-- Opening Marker --

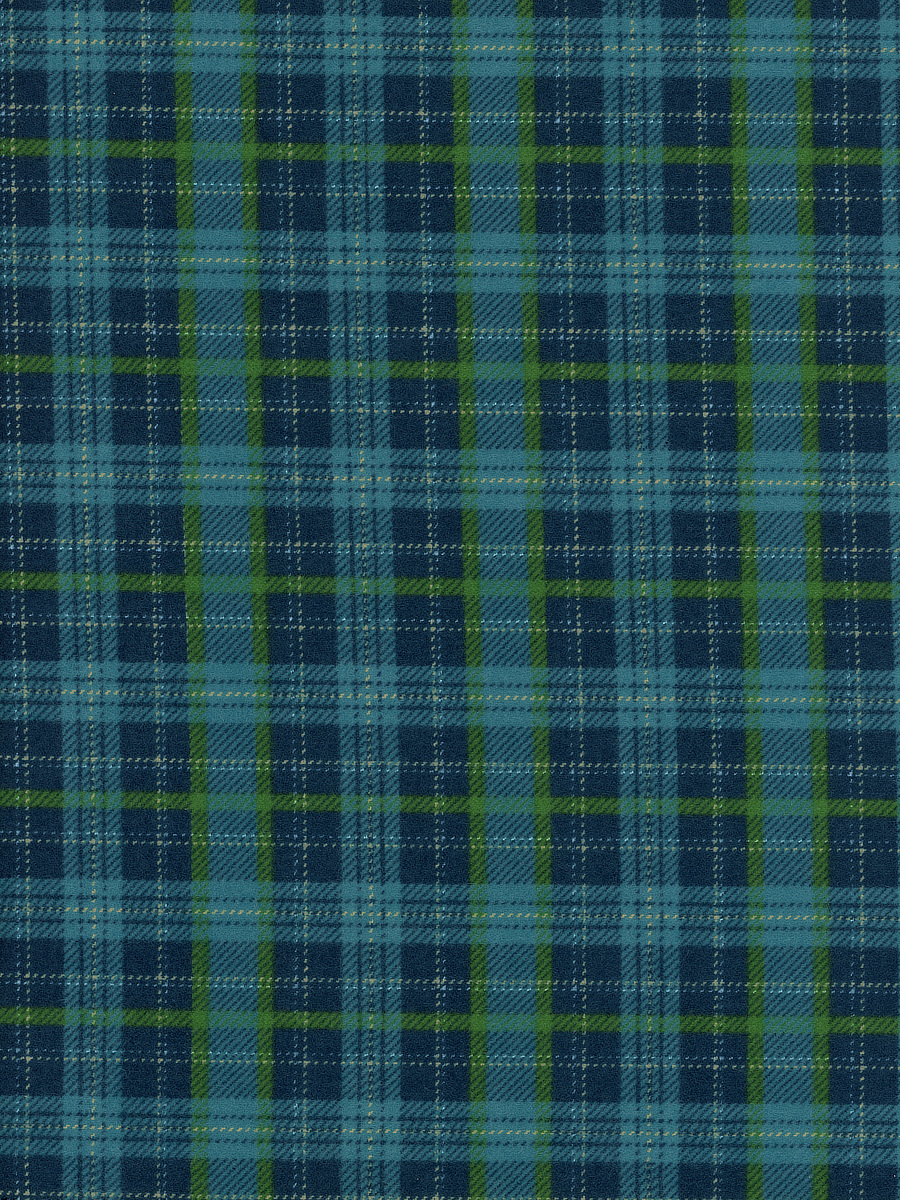 Northcott – Woodland Woolies Flannel – Plaid 2 F27266-44 Blue Multi THUMBNAIL
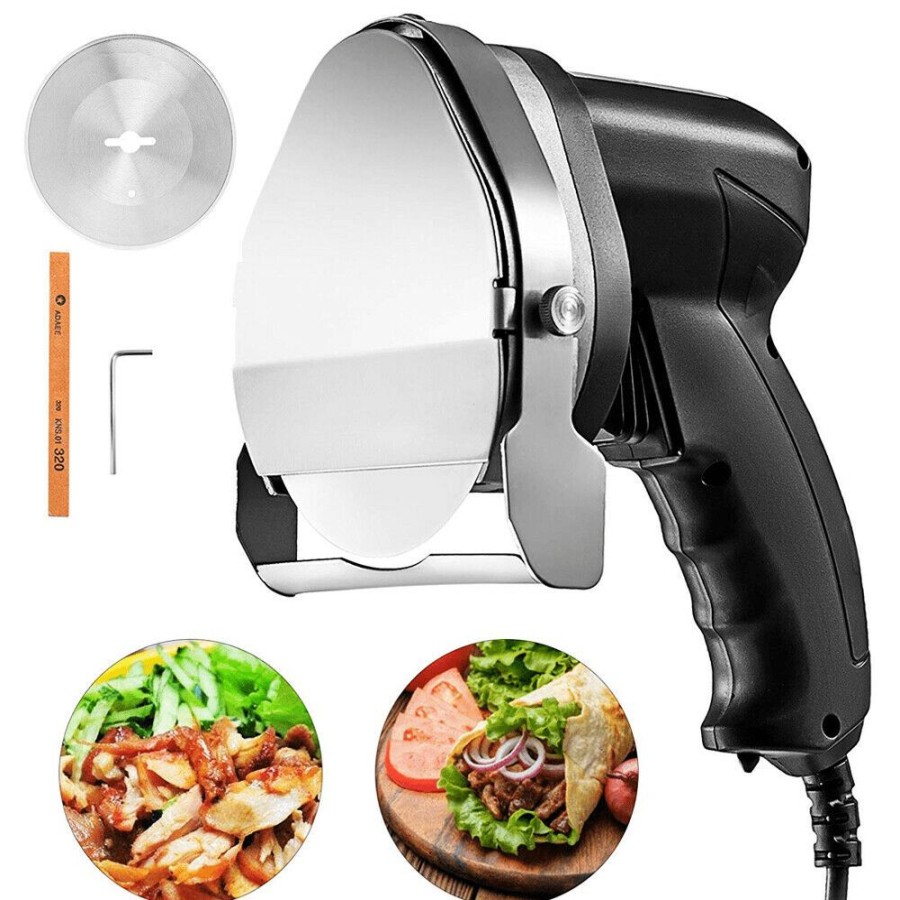 * Best Sale Electric Kebab Cutter Slicer Meat Doner Shawarma Cutting Machine 2 Blades Online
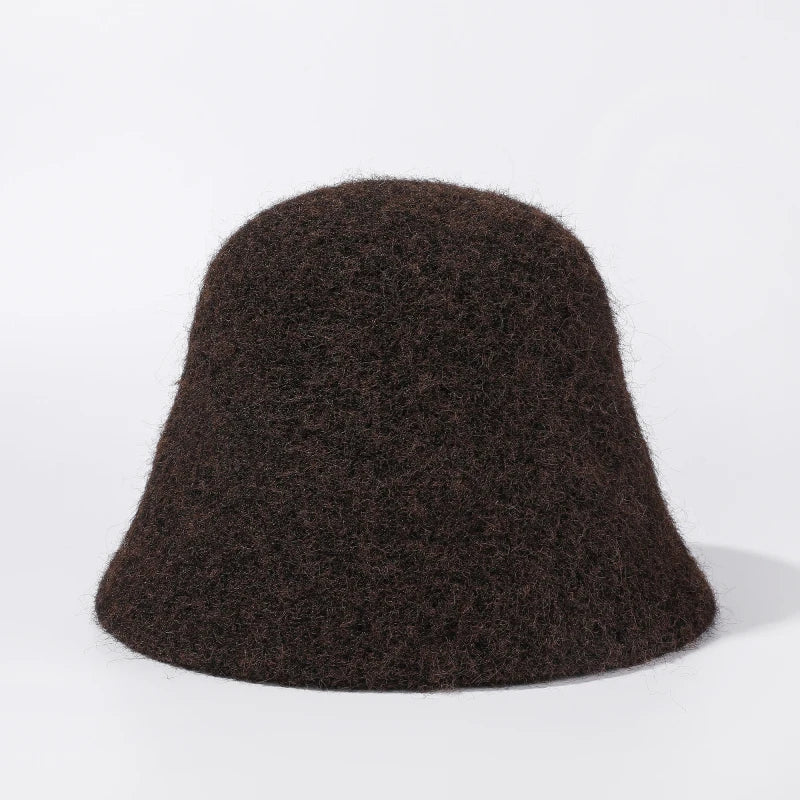 Fashion Ladies Winter Outdoor Warm Bucket Hat Woman‘s Daily Casual Fisherman Cap Korean Style Classic Panama Hats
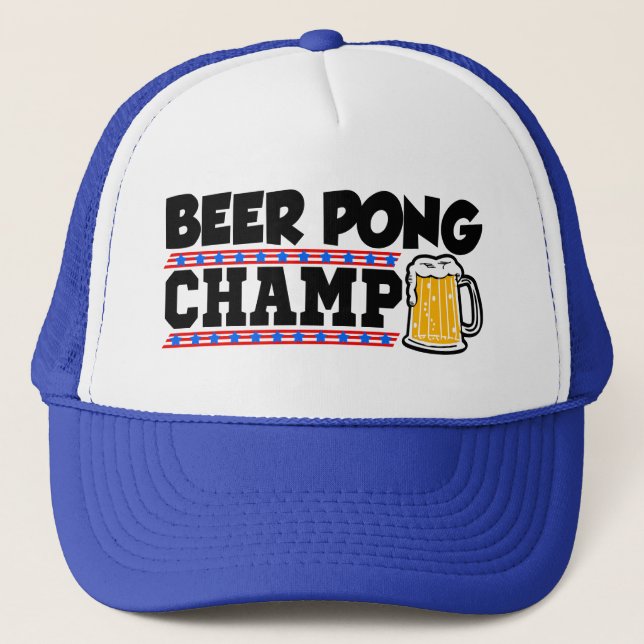 Funny Beer Pong Champ hat (Front)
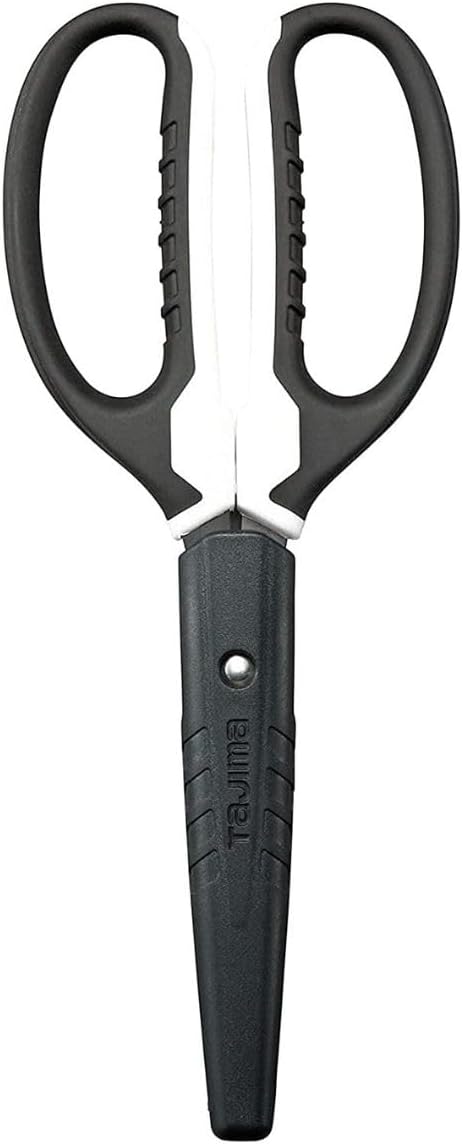 TAJIMA Multipurpose Scissors - DK Series Electrician's Tool with Non-Stick Coating & Half Serrated Blade - DK-BT70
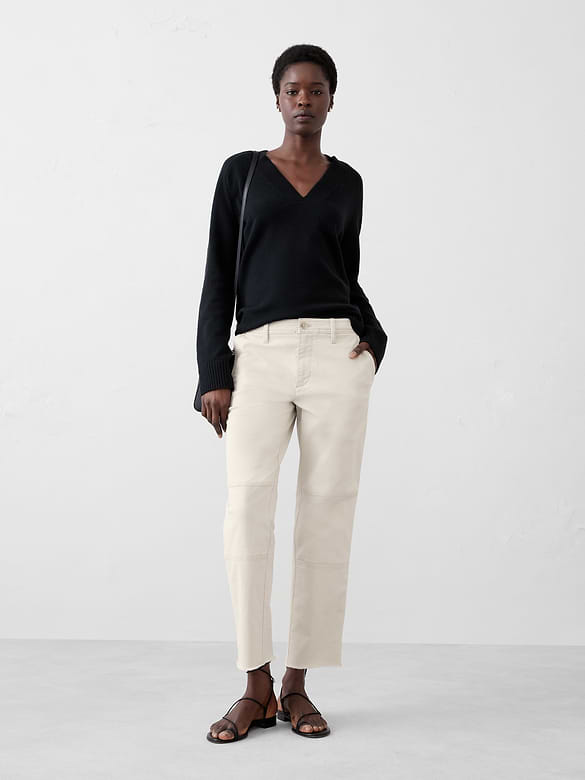 Slim Mid-Rise Pull-On Chino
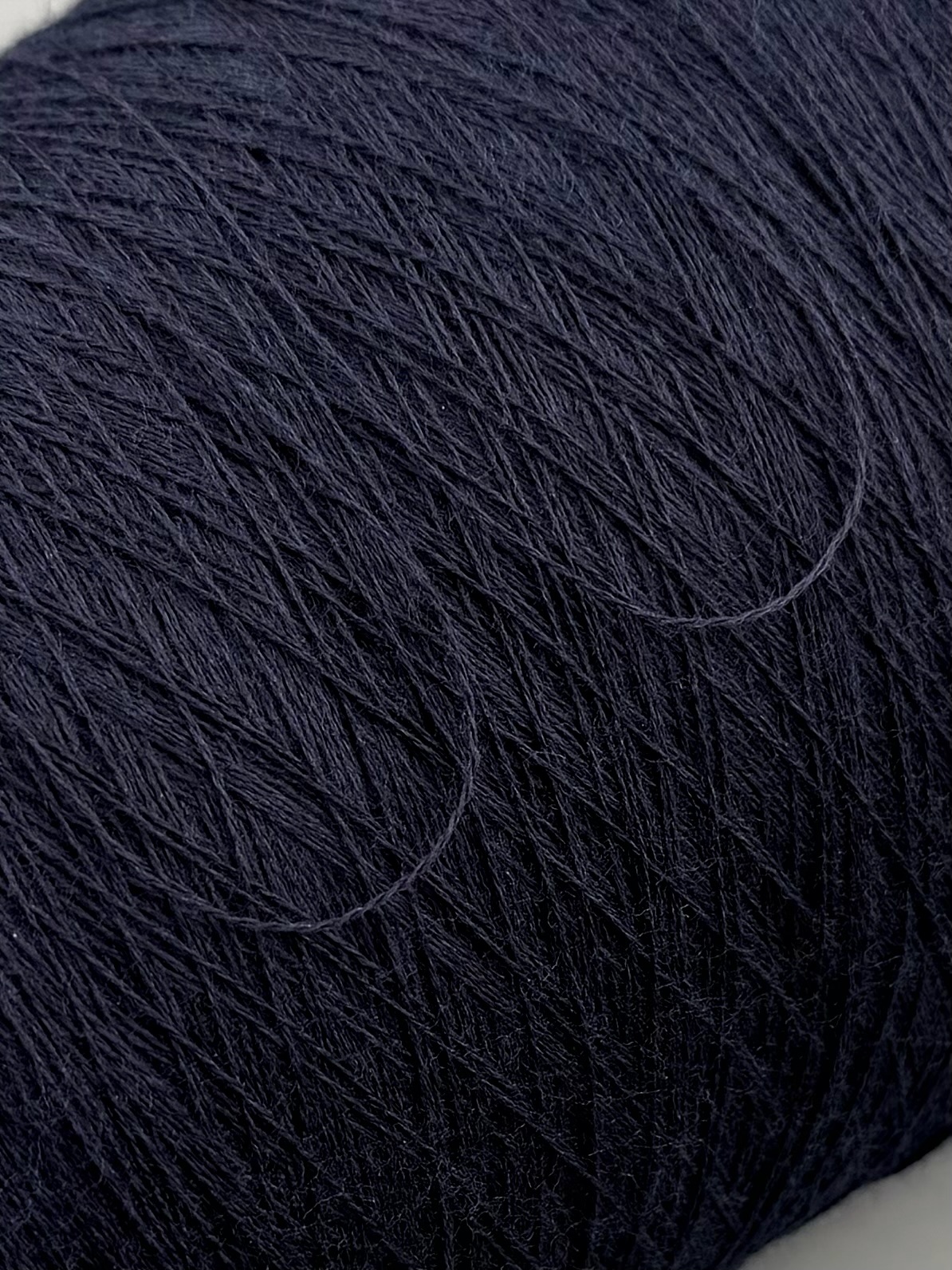 Zegna Baruffa Cashwool 2/48 – Extrafeines Merinogarn Dunkelblau 008800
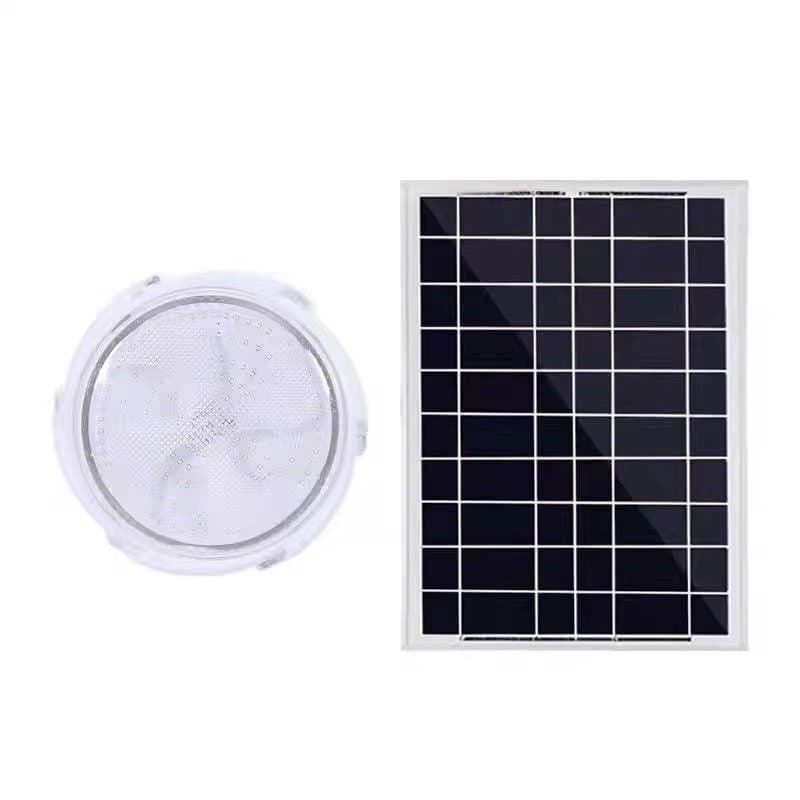 Plafoniera solara Flippy, 30W, diametru 145MM, cu telecomanda, lungime prelungitor 4.6 m, alb rece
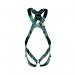 MSA V-Form Full Body Back Chest D-Ring Qwik-Fit Safety Harness Green L MSA10206041 MSA18939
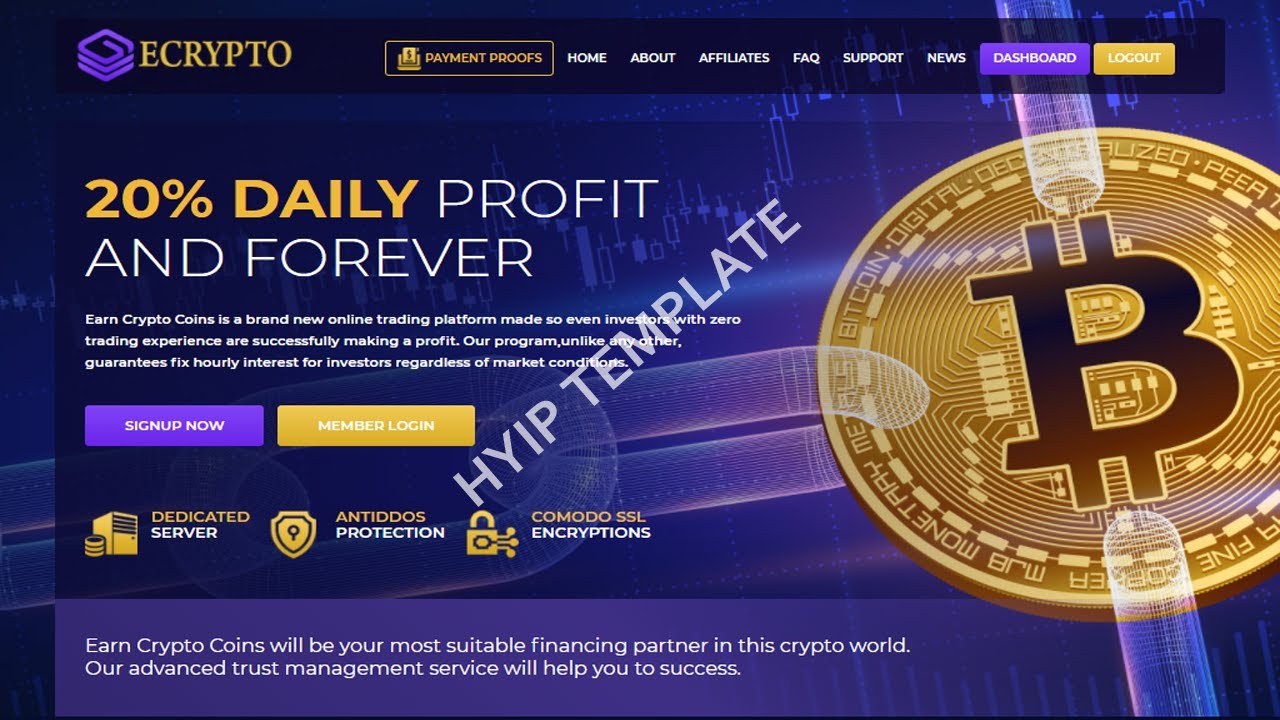Buy Hyip Template For Investment Website | EHYIP.NET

-- Closing Marker --

» **WHAT YOU HAVE TO DO**
Every line of the data above should be repeated exactly. Omit the pictures.

» **RESPONSE**
 Northcott – Woodland Woolies Flannel – Plaid 2 F27266-44 Blue Multi THUMBNAIL
 * Best Sale Electric Kebab Cutter Slicer Meat Doner Shawarma Cutting Machine 2 Blades Online
 Fashion Ladies Winter Outdoor Warm Bucket Hat Woman‘s Daily Casual Fisherman Cap Korean Style Classic Panama Hats
 Funny Beer Pong Champ hat (Front)
 TAJIMA Multipurpose Scissors - DK Series Electrician's Tool with Non-Stick Coating & Half Serrated Blade - DK-BT70
 Slim Mid-Rise Pull-On Chino
 Zegna Baruffa Cashwool 2/48 – Extrafeines Merinogarn Dunkelblau 008800
 Plafoniera solara Flippy, 30W, diametru 145MM, cu telecomanda, lungime prelungitor 4.6 m, alb rece
 MSA V-Form Full Body Back Chest D-Ring Qwik-Fit Safety Harness Green L MSA10206041 MSA18939
Buy Hyip Template For Investment Website | EHYIP.NET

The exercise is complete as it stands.